Xanthophyllum adenotus

Scientific classification
- Kingdom: Plantae
- Clade: Tracheophytes
- Clade: Angiosperms
- Clade: Eudicots
- Clade: Rosids
- Order: Fabales
- Family: Polygalaceae
- Genus: Xanthophyllum
- Species: X. adenotus
- Binomial name: Xanthophyllum adenotus Miq.
- Varieties: X. a. var. arsatii;

= Xanthophyllum adenotus =

- Genus: Xanthophyllum
- Species: adenotus
- Authority: Miq.

Species of flowering plant

Xanthophyllum adenotus is a plant in the family Polygalaceae.

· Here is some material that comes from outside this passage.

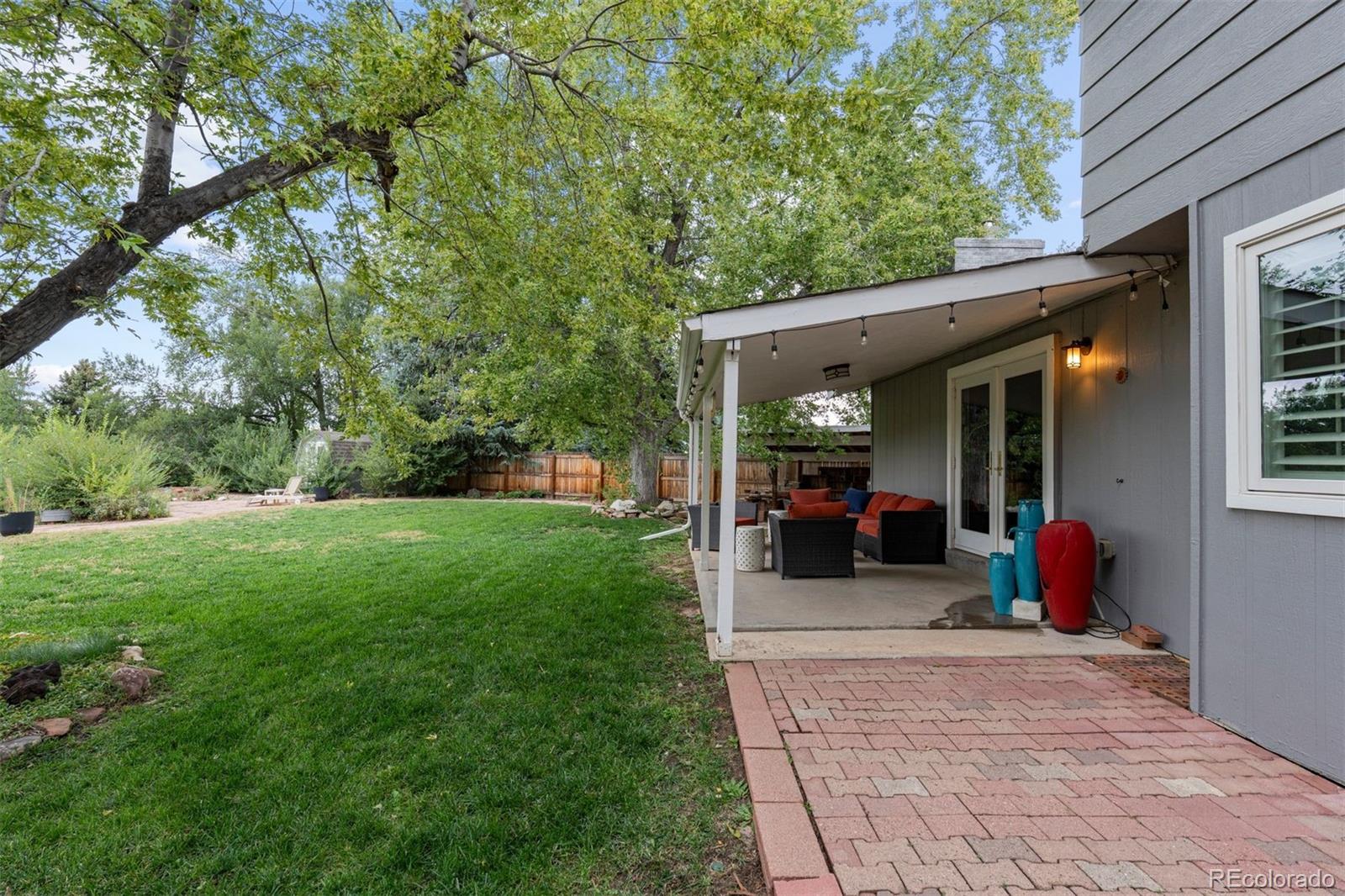 4424 E Maplewood Avenue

The specific epithet adenotus is from the Greek meaning 'gland', referring to the leaf glands.

==Description==
Xanthophyllum adenotus grows as a shrub or tree up to 15 m tall with a trunk diameter of up to 25 cm. The flowers are pinkish to pale violet, drying dark red. The pale or reddish-brown fruits are round and measure up to 1.8 cm in diameter.

==Distribution and habitat==
Xanthophyllum adenotus grows naturally in Sumatra and Borneo. Its habitat is mixed dipterocarp forests from sea-level to 700 m altitude.